Individual Savings Accounts (ISAs)

One of the first things to do, if you can, is to make sure you have used your ISA allowance. For the year 2021-22, this is £20,000 and is a good way to invest for the long-term. If you are looking to help the children in your life, you can also invest up to £9,000 per child into a Junior ISA.

Investing in an ISA makes sense as going forward any future returns are free of income tax, capital gains tax and dividend tax. However, don’t delay, as if you don’t use your allowance before the end of the tax year, it is lost forever.

If you have money available to invest, do not require access to the monies in the long term, and you are actively saving for retirement, then a pension contribution will be more tax-efficient than adding monies to an ISA. 

Pension contributions

Personal pension contributions can impact your overall taxable income. A pension is still one of the best ways of saving for retirement, as you get tax relief on the money you put into your pension pot up to 100% of your earnings or a maximum of £40,000 (whichever is less). For higher earners, the maximum may be restricted to £4,000, depending on your total taxable income. Because of this, you should look to pay in as much as you can afford on a regular basis. 

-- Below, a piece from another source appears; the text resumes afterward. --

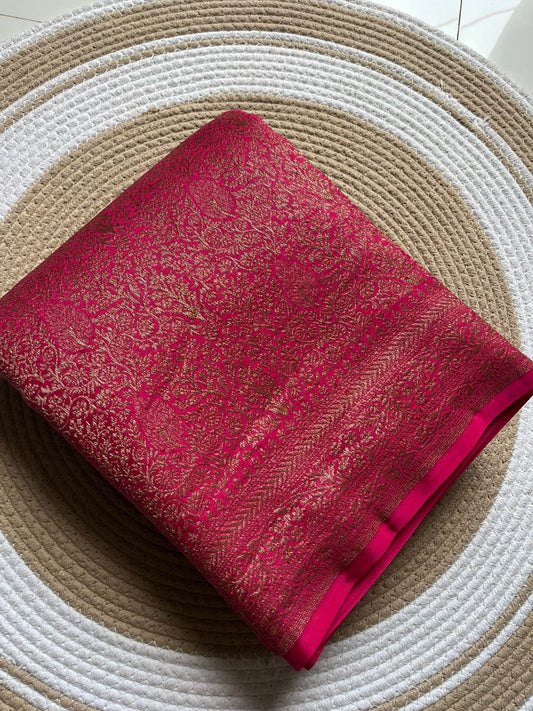 Pink PURE BROCADE Khaddi Crepe Chiffon Handloom Banarasi Saree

Depending on how the contribution is made, a personal contribution has the added benefit of reducing your taxable earnings by the gross amount. This can help high earners to potentially regain any lost Personal Allowance, subject to the maximum permitted contribution limit.

If you haven’t used all your pension allowance in one year, you can ‘carry it forward’ for the three previous tax years. This means the use-by date from the tax year 2018/19 is 5 April 2022. So now is a good time to think about topping up your pension, particularly as this money can benefit from compounding and could add a significant amount to your total pension pot in the long-term. Certain criteria must be met to utilise carry forward, and advice should be sought in the first instance.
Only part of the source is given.